Captioned web image data
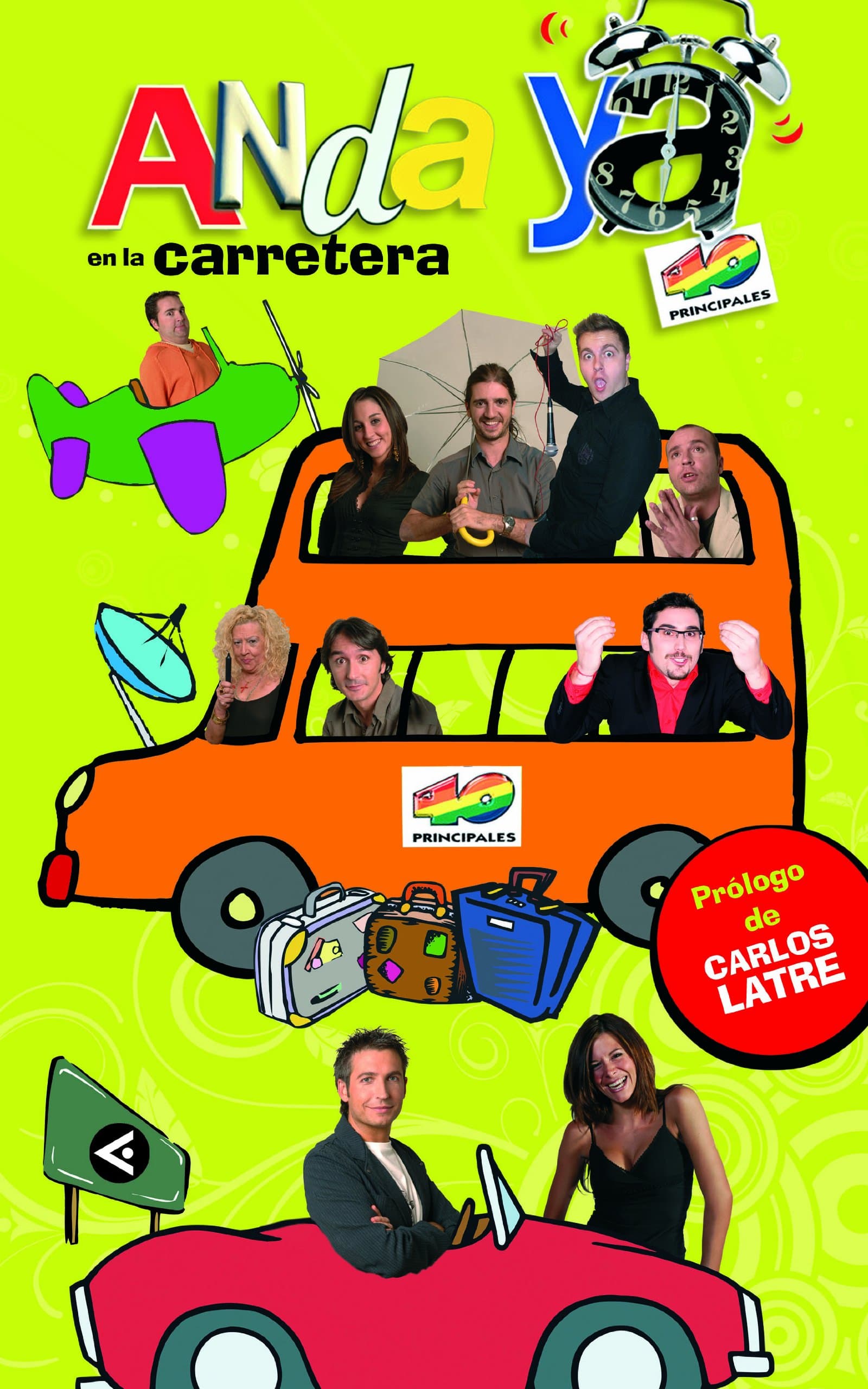 Portada de ¡Anda ya! en la carretera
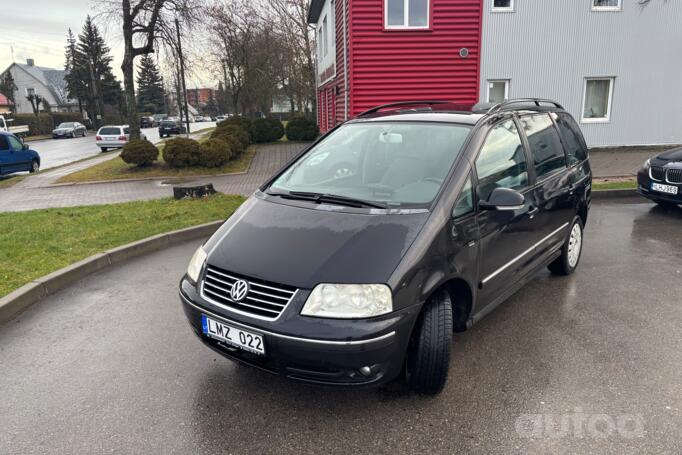 Volkswagen Sharan 1 generation [2th restyling] Minivan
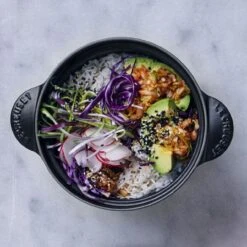 Le Creuset Signature Rice Pot -Outdoor Camping Shop 41110180000460 LS00007 1280x1280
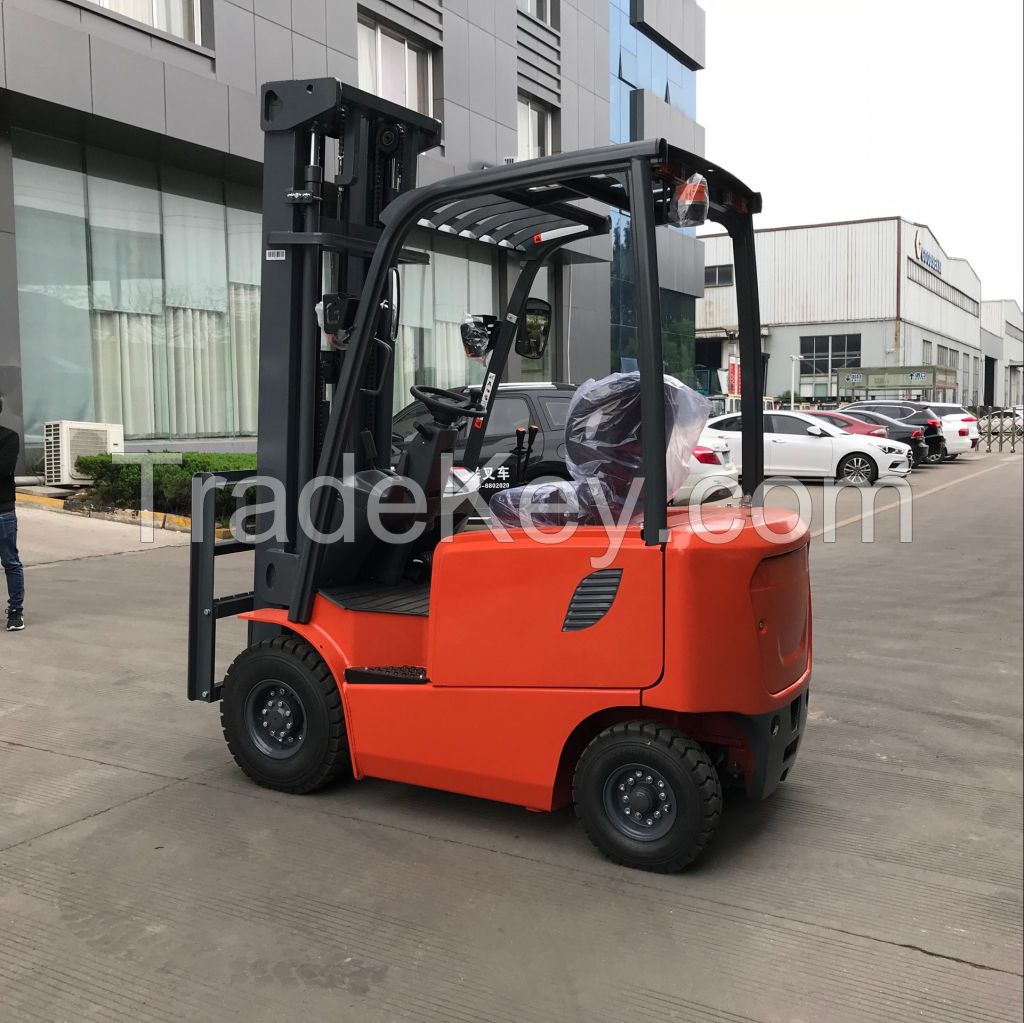 3.0 tons electric forklift trucks with CE
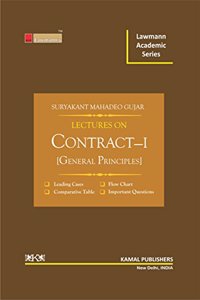 Lectures on Contract-1 [General Principles] (Lawmann's Academic Series)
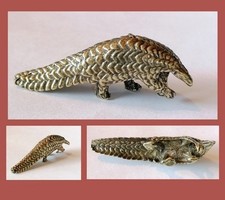 Messing Schuppentier Pangolin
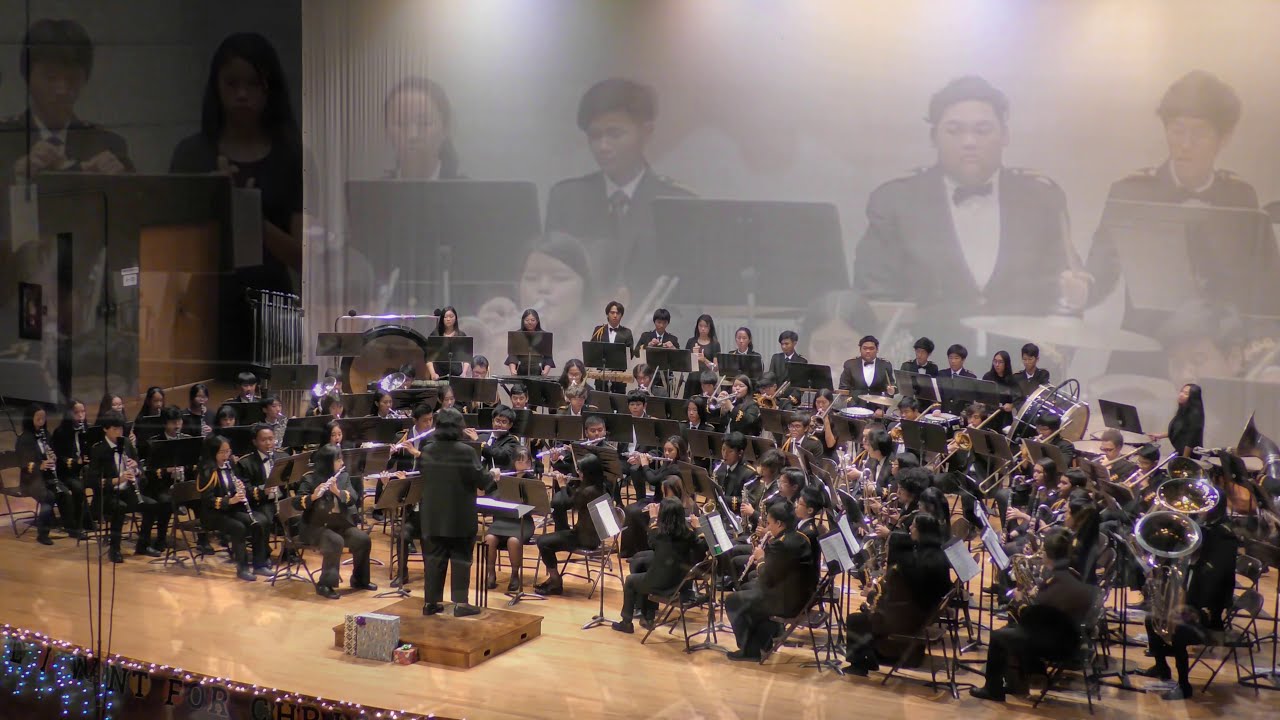 Merry Christmas Darling 2019-12-14 McKinley HS Bands 4K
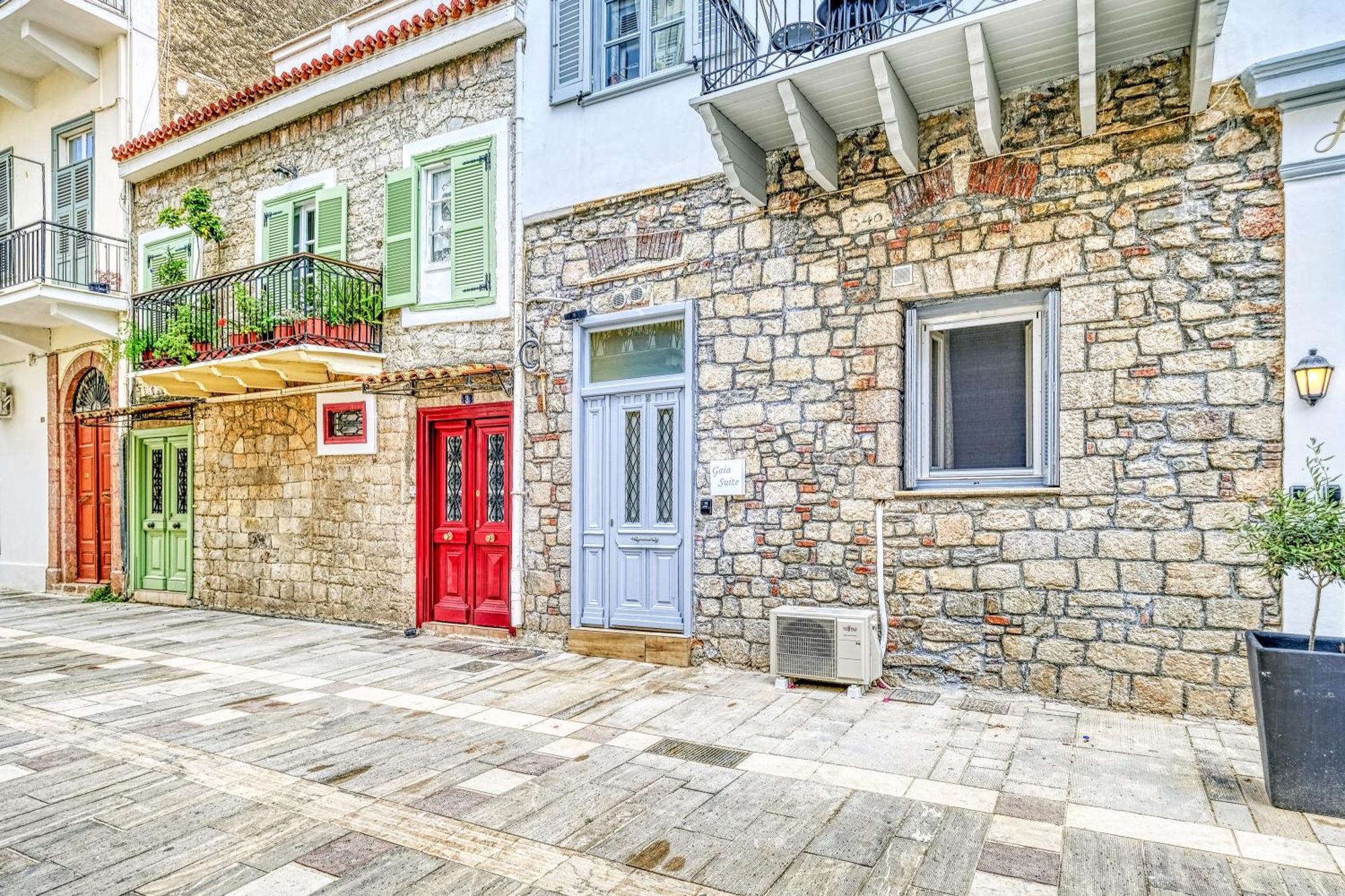 Gaia Suite Nafplio Exterior foto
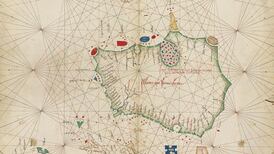 Rare map of Ireland fails to sell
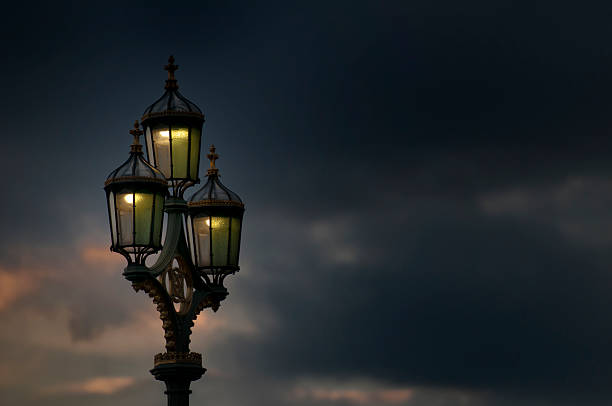 istock Lamps at Westminster Bridge 490619564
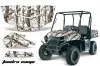Polaris Ranger EV Electric Graphic Kit - 2009-2015 Tundra Camo Camo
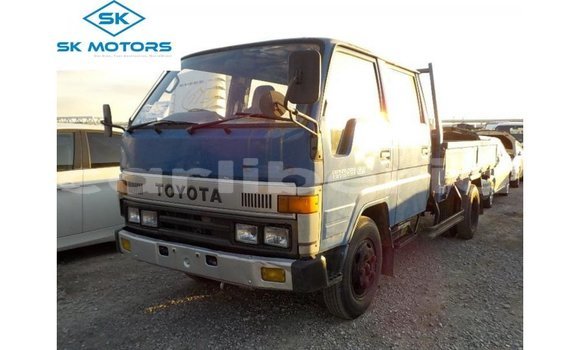 Buy Import Toyota Dyna Blue Truck in Import - Dubai in Bomi County Buy Import Toyota Dyna Blue Truck in Import - Dubai in Bomi County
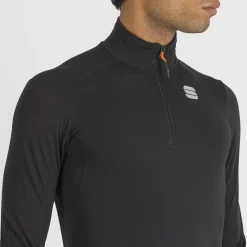 Sportful - Thermodynamic Mid Zipped Tee Long Sleeve - Kunstfaserunterwäsche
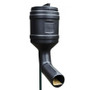 On Time 80 lb Capacity T-Post Gravity Feeder (T-Post not included)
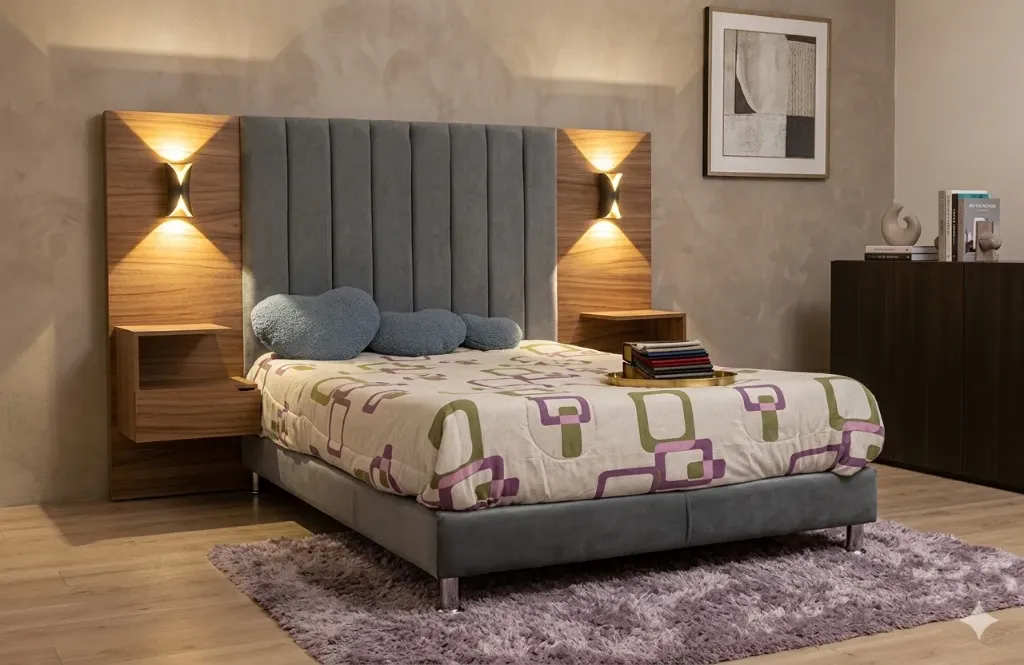 CABECERA MOD DAKOTA CON BUROS FLOTANTES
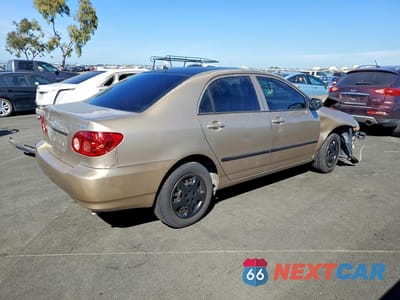 Trzecie zdjęcie samochodu z tyłu: 2008 TOYOTA COROLLA CE VIN:1NXBR32E68Z969908 - miniatura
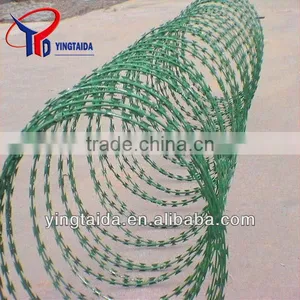 Single Barbed Wire Roller thumbnail-1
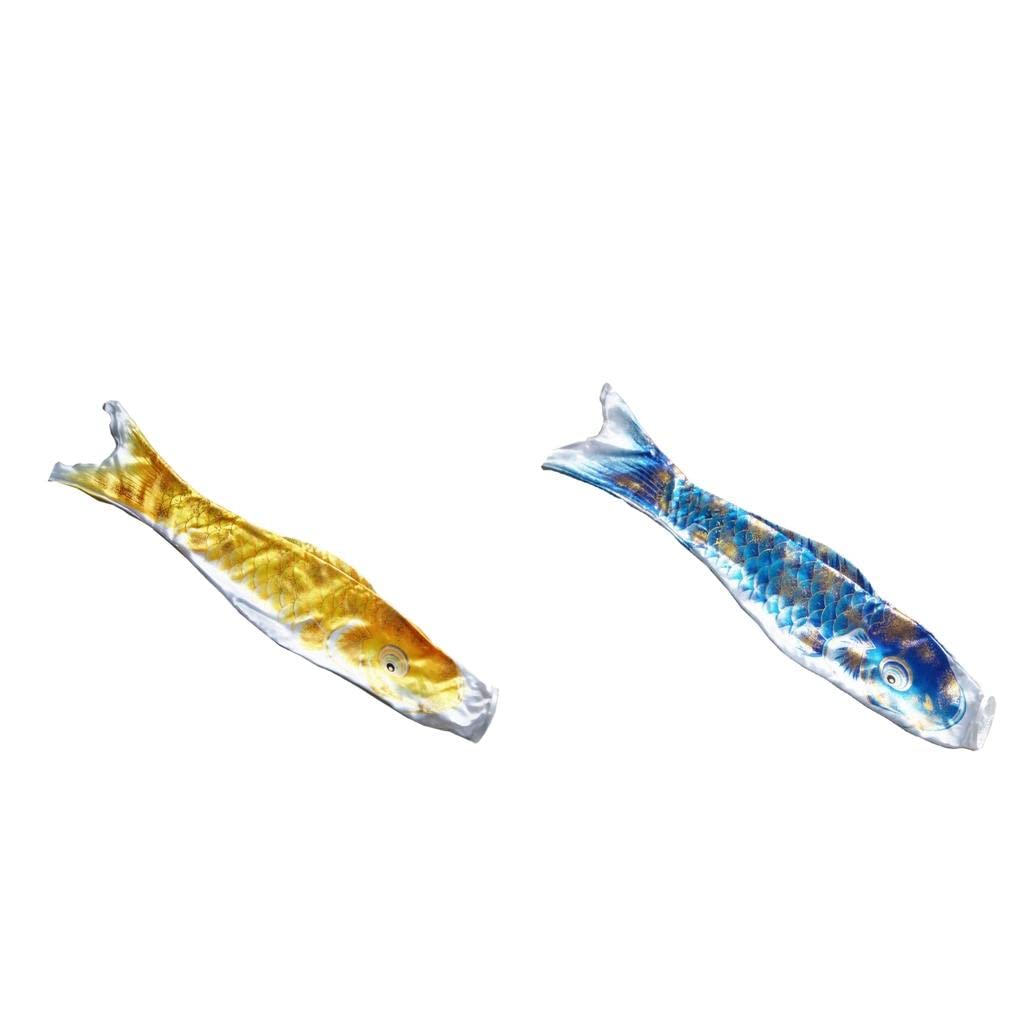 25pcs Japanese Windsock Carp Flag Garden Koi Nobori Sailfish Yellow Blue|Home & Garden|Yard, Garden & Outdoor Living|Garden Décor|Windmills & Wind Spinners-image-42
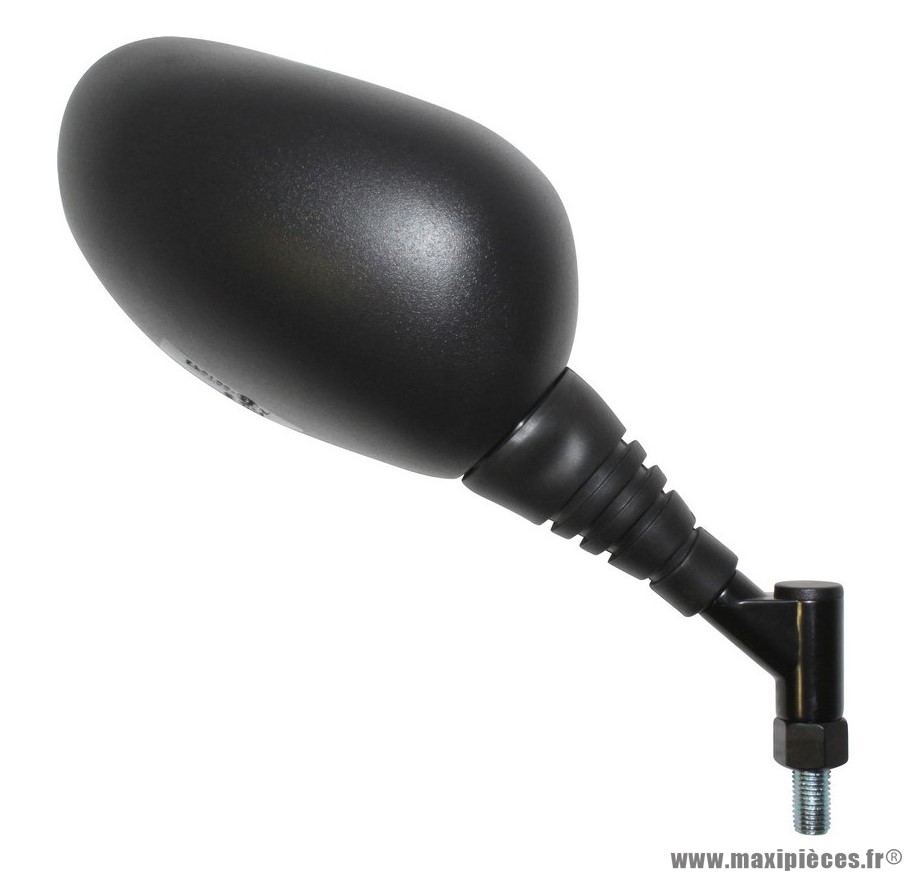 Rétroviseur droit noir pour maxi scooter 400cc yamaha majesty (homologué CE)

◆ **PROBLEM TO SOLVE**:
Beginning with the line holding "Sportful - Thermodynamic", copy each line exactly through the end of the records above, and leave every picture out.

◆ **COMPLETED EXERCISE**:
 Sportful - Thermodynamic Mid Zipped Tee Long Sleeve - Kunstfaserunterwäsche
 On Time 80 lb Capacity T-Post Gravity Feeder (T-Post not included)
 CABECERA MOD DAKOTA CON BUROS FLOTANTES
 Trzecie zdjęcie samochodu z tyłu: 2008 TOYOTA COROLLA CE VIN:1NXBR32E68Z969908 - miniatura
 Single Barbed Wire Roller thumbnail-1
 25pcs Japanese Windsock Carp Flag Garden Koi Nobori Sailfish Yellow Blue|Home & Garden|Yard, Garden & Outdoor Living|Garden Décor|Windmills & Wind Spinners-image-42
 Rétroviseur droit noir pour maxi scooter 400cc yamaha majesty (homologué CE)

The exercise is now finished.